Entonces la escuela se iba en dos turnos: mañana y tarde. Nada que ver con ahora, que a las dos ya están de regreso, desparramados frente a la tele o el celular hasta que se les borra el sueño.
Hace unos días pasé por donde estuvo esa vieja escuela y me llovieron los recuerdos como cascada: los compañeros de salón, las travesuras, los gritos en el recreo, y esa alegría limpia que solo la infancia sabe dar.

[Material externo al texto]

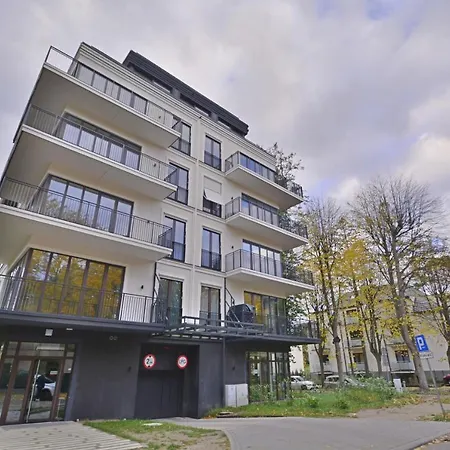 Osiedle Seaside Garden - Bryza Z Garazem, 100m Od Promenady Apartament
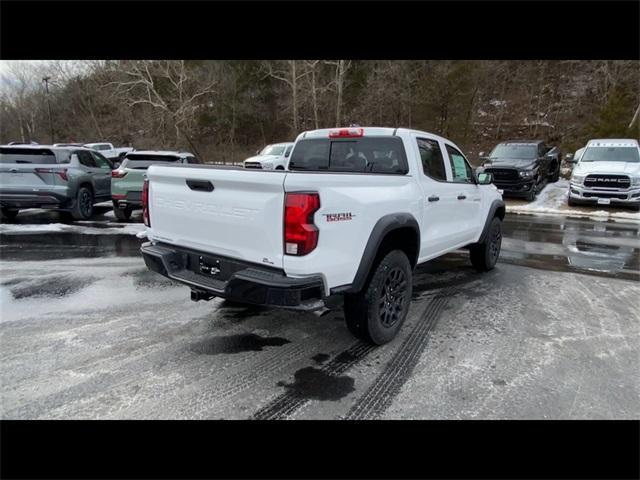 new 2025 Chevrolet Colorado car, priced at $42,936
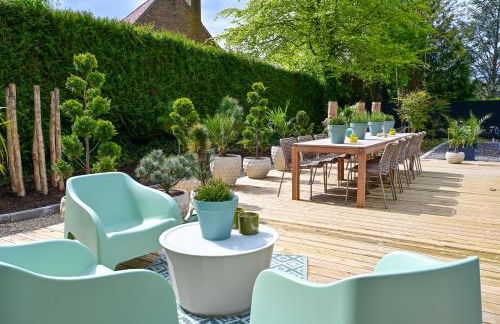 Extraordinaire Villa 5 étoiles 12 personnes 7 min Lille - Foto 57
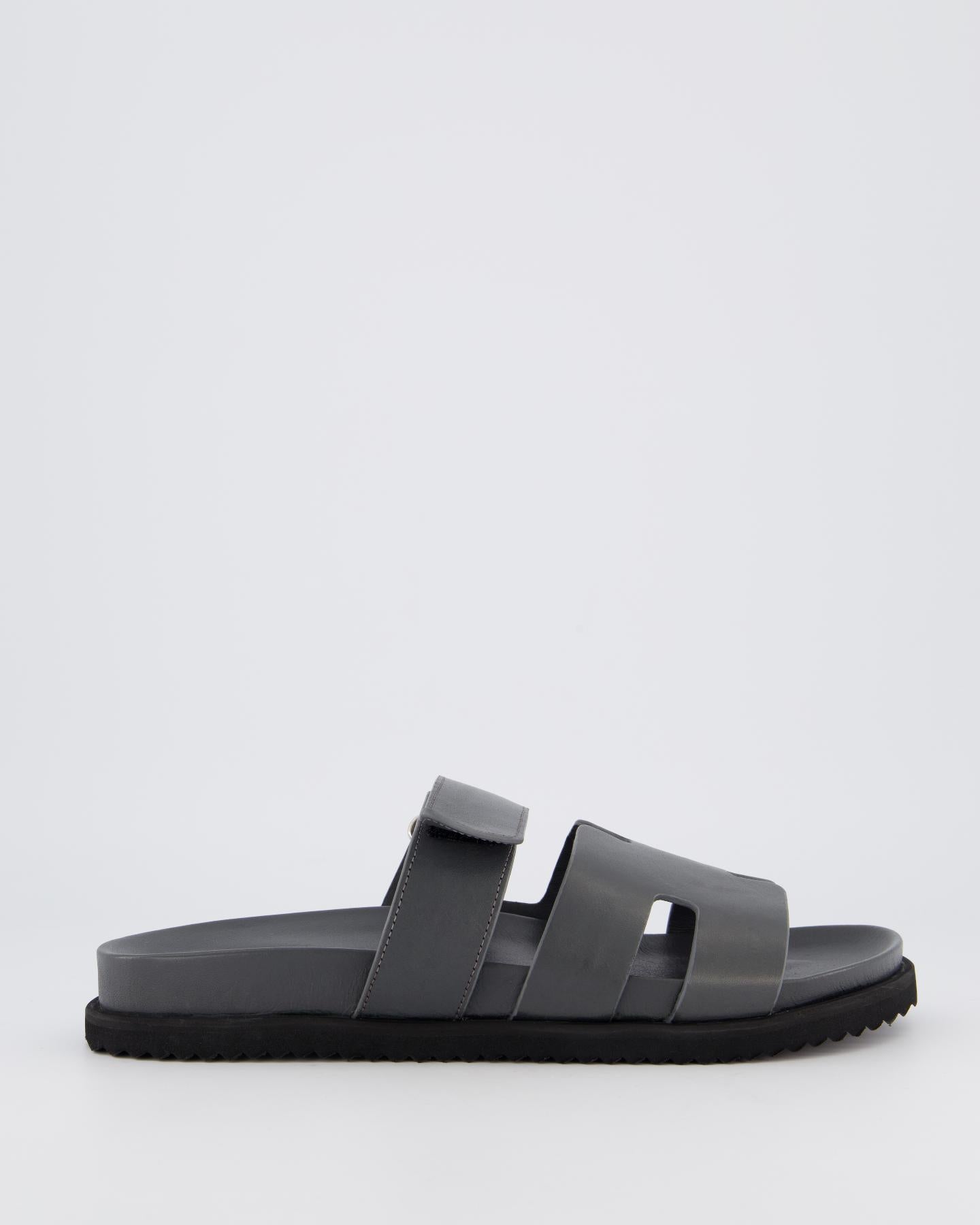 Heren Ibiza Slipper Grijs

Corrían los años sesenta, y participar en educación vial era un privilegio. Montados en aquel banco amarillo, con casco y banda cruzada al pecho, nos creíamos verdaderos agentes de tránsito en la esquina de Cuauhtémoc y Terán, controlando el tráfico —ese tráfico pesado de bicicletas, carritos y chavos a pie— para que nuestros compañeros cruzaran seguros a la escuela.
Recuerdo con ternura las cooperativas, a los maestros, al director, los salones con olor a gis y madera vieja… y sobre todo esas caminatas interminables de ida y vuelta con mi hermana, compartiendo sueños, cuentos y empanadas.
Mi infancia… qué feliz y lejana suena ahora. Pero sigue viva dentro de mí: en los amigos que todavía frecuento, en las calles polvorientas de mi barrio querido, en ese sabor a pueblo que jamás me abandona. Momentos mágicos que conservo intactos, como un tesoro de luz en medio de los días.